- _Problem requirements_
Copy each line below as it stands, but skip any picture it contains.

- _Supplied information_
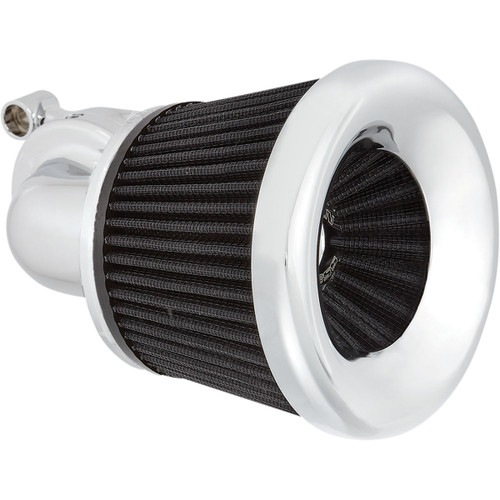 Arlen Ness #600-033 - Velocity 90° Air Cleaner Kit - Chrome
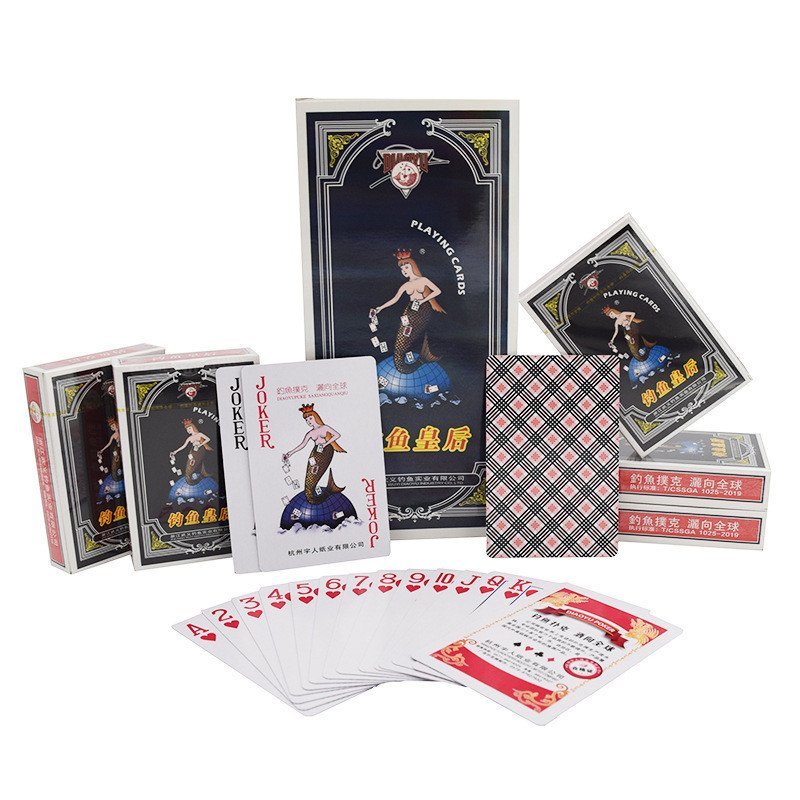 การ์ดเล่น Yao คู่ Solitaire Batch จําห้องหมากรุกราคาถูกในครัวเรือน Huang การ์ดเล่นทั้งกล่อง Ming ขาย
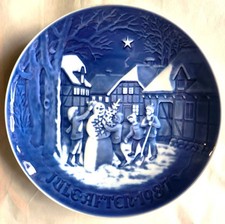 Piatto di Natale BING&GRONDAHL DAL 1969 AL 2008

- _Answer area_
 Arlen Ness #600-033 - Velocity 90° Air Cleaner Kit - Chrome
 การ์ดเล่น Yao คู่ Solitaire Batch จําห้องหมากรุกราคาถูกในครัวเรือน Huang การ์ดเล่นทั้งกล่อง Ming ขาย
 Piatto di Natale BING&GRONDAHL DAL 1969 AL 2008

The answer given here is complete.